Kebebasan yang sangat luas itu sudah barang tentu sebagai pintu masuk untuk siapapun memiliki peluang untuk berpartisipasi dan berkecimpung dalam gelanggang politik lewat pemiliha umum. Perolehan suara di pemilu memberi kesempatan untuk semua orang menduduki jabatan politik, baik di eksekutif maupun legislatif, yaitu lewat cara mengkonversi perolehan suara jadi perolehan kursi.

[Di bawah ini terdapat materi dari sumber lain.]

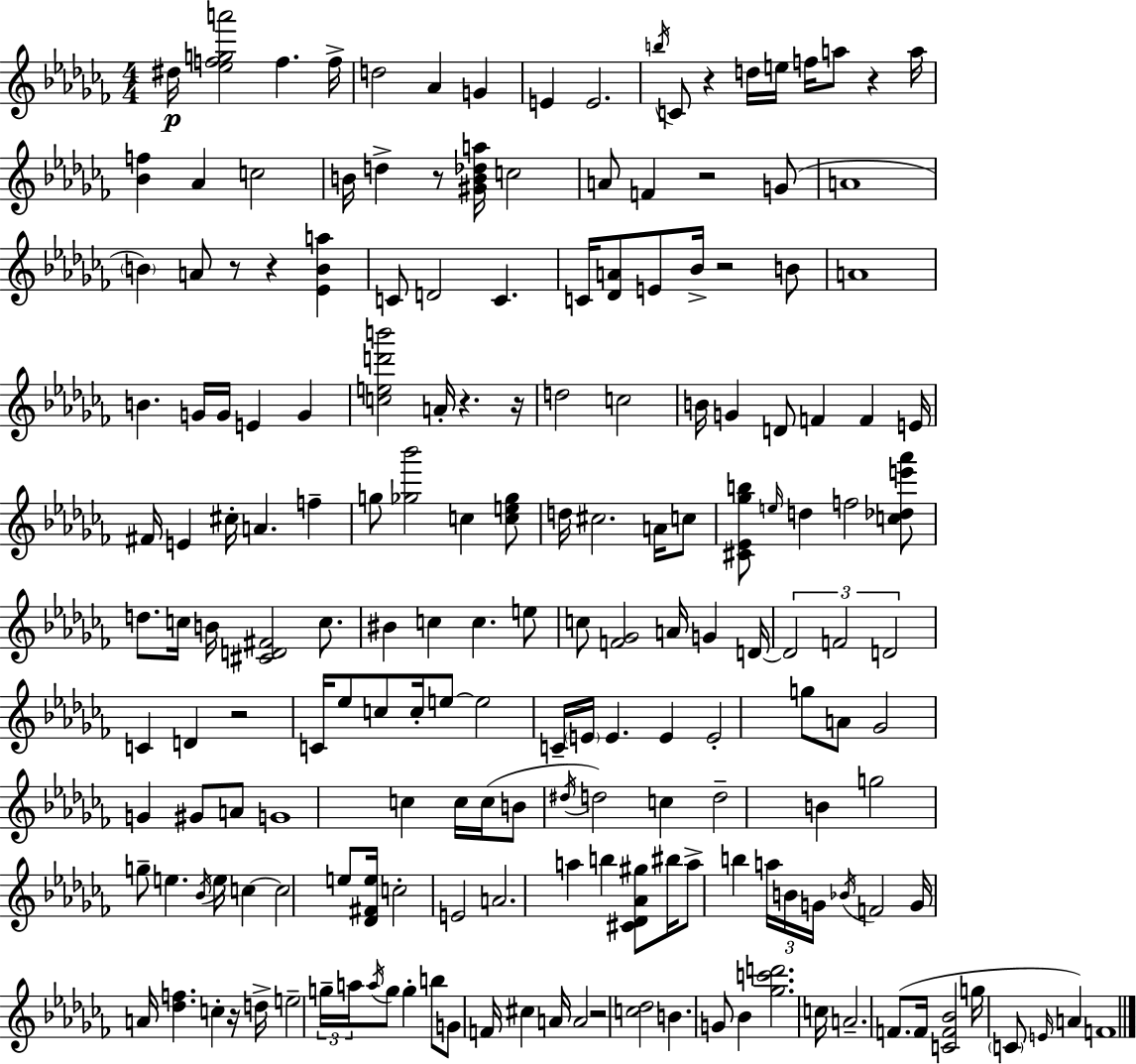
{
  \clef treble
  \numericTimeSignature
  \time 4/4
  \key aes \minor
  dis''16\p <ees'' f'' g'' a'''>2 f''4. f''16-> | d''2 aes'4 g'4 | e'4 e'2. | \acciaccatura { b''16 } c'8 r4 d''16 e''16 f''16 a''8 r4 | \break a''16 <bes' f''>4 aes'4 c''2 | b'16 d''4-> r8 <gis' b' des'' a''>16 c''2 | a'8 f'4 r2 g'8( | a'1 | \break \parenthesize b'4) a'8 r8 r4 <ees' b' a''>4 | c'8 d'2 c'4. | c'16 <des' a'>8 e'8 bes'16-> r2 b'8 | a'1 | \break b'4. g'16 g'16 e'4 g'4 | <c'' e'' d''' b'''>2 a'16-. r4. | r16 d''2 c''2 | b'16 g'4 d'8 f'4 f'4 | \break e'16 fis'16 e'4 cis''16-. a'4. f''4-- | g''8 <ges'' bes'''>2 c''4 <c'' e'' ges''>8 | d''16 cis''2. a'16 c''8 | <cis' ees' ges'' b''>8 \grace { e''16 } d''4 f''2 | \break <c'' des'' e''' aes'''>8 d''8. c''16 b'16 <cis' d' fis'>2 c''8. | bis'4 c''4 c''4. | e''8 c''8 <f' ges'>2 a'16 g'4 | d'16~~ \tuplet 3/2 { d'2 f'2 | \break d'2 } c'4 d'4 | r2 c'16 ees''8 c''8 c''16-. | e''8~~ e''2 c'16-- \parenthesize e'16 e'4. | e'4 e'2-. g''8 | \break a'8 ges'2 g'4 gis'8 | a'8 g'1 | c''4 c''16 c''16( b'8 \acciaccatura { dis''16 } d''2) | c''4 d''2-- b'4 | \break g''2 g''8-- e''4. | \acciaccatura { bes'16 } e''16 c''4~~ c''2 | e''8 <des' fis' e''>16 c''2-. e'2 | a'2. | \break a''4 b''4 <cis' des' aes' gis''>8 bis''16 a''8-> b''4 | \tuplet 3/2 { a''16 b'16 g'16 } \acciaccatura { bes'16 } f'2 g'16 a'16 <des'' f''>4. | c''4-. r16 d''16-> e''2-- | \tuplet 3/2 { g''16-- a''16 \acciaccatura { a''16 } } g''8 g''4-. b''8 g'8 | \break f'16 cis''4 a'16 a'2 r2 | <c'' des''>2 b'4. | g'8 bes'4 <ges'' c''' d'''>2. | c''16 a'2.-- | \break f'8.( f'16 <c' f' bes'>2 g''16 | \parenthesize c'8 \grace { e'16 }) a'4 f'1 | \bar "|."
}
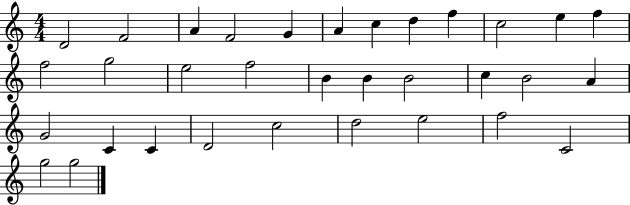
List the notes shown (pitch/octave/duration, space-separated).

D4/h F4/h A4/q F4/h G4/q A4/q C5/q D5/q F5/q C5/h E5/q F5/q F5/h G5/h E5/h F5/h B4/q B4/q B4/h C5/q B4/h A4/q G4/h C4/q C4/q D4/h C5/h D5/h E5/h F5/h C4/h G5/h G5/h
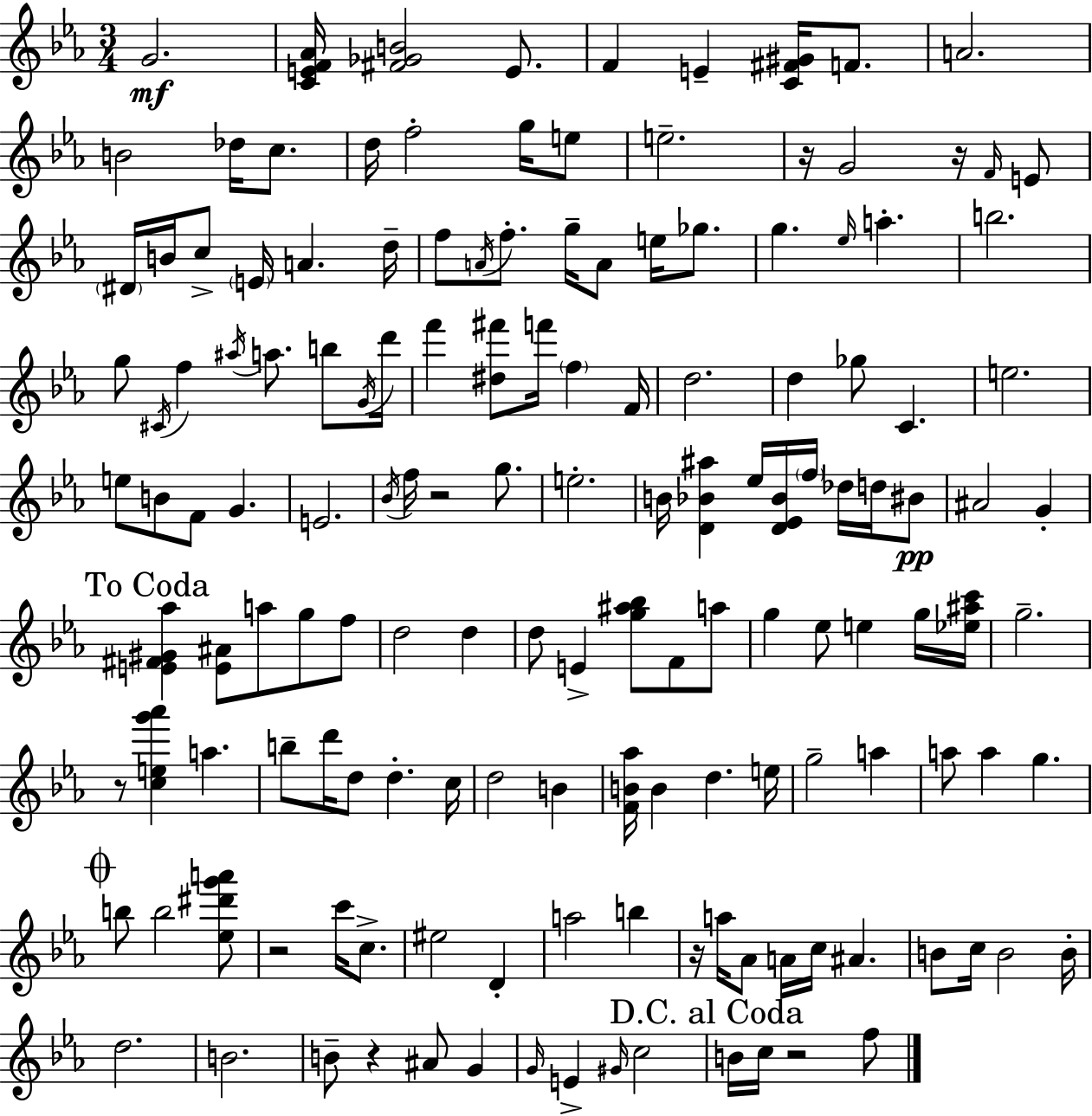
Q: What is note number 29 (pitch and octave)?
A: E5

Dalam sistem pemilu proporsional terbuka dengan menerapkan Parliementary Threshold sebesar 4 % memang menjadikan pemilihan legislatif (Pileg) untuk DPR RI tidak sangat liberal murni, karena ada pembatasan hanya partai yang memperoleh suara minimal 4% yang bisa lolos ke parlemen. Pembatasan ini menjadikan ada perolehan suara partai kecil yang tidak terkonversi jadi kursi di parlemen. Hal ini dianggap tidak proporsional dan perolehan suara partai kecil mubajir serta tidak terwakili di parlemen, serta pilihan masyarakat dianggap tidak ada yang mewakili di parlemen.
Namanya sistem pemilu proporsional terbuka yang identik dengan liberal atau bebas, dalam arti semua orang bebas menentukan pilihan dan bebas memiliki perwakilan di parlemen, maka penerapan ambang batas parlemen justru dianggap mengkebiri kebebasan itu, dan mempersempit jalan menentukan  perwakilan di parlemen.
Dengan mempergunakan logika ini, maka secara inplisit, suka tidak suka, penghapusan ambang batas parlemen mengandung makna ada keinginan untuk menjadikan sistem pemilu dan kepartaian sangat liberal dan sangat bebas seluas-luasnya, tanpa ada peraturan yang menghalangi kesempatan bagi semua orang memiliki perwakilan di parlemen.
Itukah sesungguhnya yang diharapkan untuk diterapkan saat ini ?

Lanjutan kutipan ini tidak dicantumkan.